A New Study Sheds Light on the Formation of One of Nature’s Most Basic Molecules

Ribosomes are the building blocks of life. Ribosomes are required by every cell on the planet to translate genetic data into the critical proteins required for the organism’s operation and, consequently, for the manufacture of new ribosomes. However, scientists are still unsure how these critical nanomachines are put together.

New high-resolution photos of the big ribosomal subunit give light on how nature’s most basic molecule coalesces in human cells. The discoveries, which were published in Science, bring us one step closer to understanding ribosome assembly.

“We now have a pretty good idea of how the large ribosomal subunit is assembled in humans,” explains Sebastian Klinge of Rockefeller. “We still have a lot of gaps in our understanding, but we have a much better idea now than we did before.”

Molecules
A New Study Sheds Light on the Formation of One of Nature’s Most Basic Molecules

Solving the large subunit

Ribosomes were discovered about 70 years ago at Rockefeller University. Researchers discovered that they are made up of two separate components: a small 40S subunit that interprets messenger RNA and a bigger 60S subunit that connects protein fragments. However, those were the broadest brushstrokes. The specific steps involved in assembling these complicated molecules into their mature state have long been a mystery.

Klinge’s long-term approach to this broader problem has been to figure out how ribosomes develop in the first place. Klinge’s lab was among the first to use cryo-electron microscopy to capture footage of a nonbacterial ribosome assembling towards its final shape, and the lab has since taken an even more granular approach—painfully stringing snapshots of maturing ribosomes together to understand how these molecules get from one point in their assembly to the next.

Klinge and colleagues have found and characterized over 200 ribosome assembly variables that govern ribosome modification, processing, and folding in recent years.

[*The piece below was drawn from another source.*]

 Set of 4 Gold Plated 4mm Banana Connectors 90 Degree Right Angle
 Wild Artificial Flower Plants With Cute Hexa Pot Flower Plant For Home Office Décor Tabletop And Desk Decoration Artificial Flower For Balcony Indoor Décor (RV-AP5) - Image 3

Klinge and colleagues focused on the human big ribosomal subunit (60S) for the current investigation. The team already knew from yeast studies that the large subunit is formed by two precursors (a 5S rRNA and a 32S pre-rRNA snapping together), but “we wanted to know all of the events that need to happen for this to occur,” says Arnaud Vanden Broeck, a postdoctoral researcher in Klinge’s lab. “We wanted to explain how the large subunit is assembled and processed in human cells.”

Vanden Broeck and Klinge used novel genome editing and biochemistry approaches to acquire high-resolution cryo-EM structures of 24 human large ribosomal subunit assembly intermediates as they matured. The graphics depict how assembly factors, proteins, and enzymes interact with RNA components to induce 60S creation and maturation. The findings provide a nearly full description of how the human large subunit is assembled.

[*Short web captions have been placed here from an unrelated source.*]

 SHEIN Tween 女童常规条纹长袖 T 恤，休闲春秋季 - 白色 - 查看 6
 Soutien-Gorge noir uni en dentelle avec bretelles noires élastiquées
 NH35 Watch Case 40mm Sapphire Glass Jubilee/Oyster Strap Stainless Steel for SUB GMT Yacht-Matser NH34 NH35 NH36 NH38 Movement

“For sixty years, we had almost nothing on the intermediates that form the human 60S—it was all but invisible to us—and now we’ve jumped from nothing to pretty good coverage,” Vanden Broeck says, admitting that some of the rarest and most transient steps on the road to the mature 60S may have eluded the team and fallen through the cracks. “We still have a lot of work to do.”

Nonetheless, major discoveries from the study may already be influencing related fields of research. Among the found intermediary steps are signaling pathways that suggest a relationship between ribosome assembly and cellular metabolism, implying that a thorough knowledge of ribosomes may require close collaboration with cell metabolism experts. Furthermore, the study’s granular look into the processes of ribosome production may provide a vital background for scientists studying disorders connected to ribosome mutations.

For the time being, Klinge and Vanden Broeck are pleased to marvel at the significant progress. “It’s not guesswork anymore,” Klinge explains. “We can now see in great detail what happens when the large subunit assembles.” It’s humbling to understand that we can finally see what generates ribosomes and drives protein production in all of our cells.”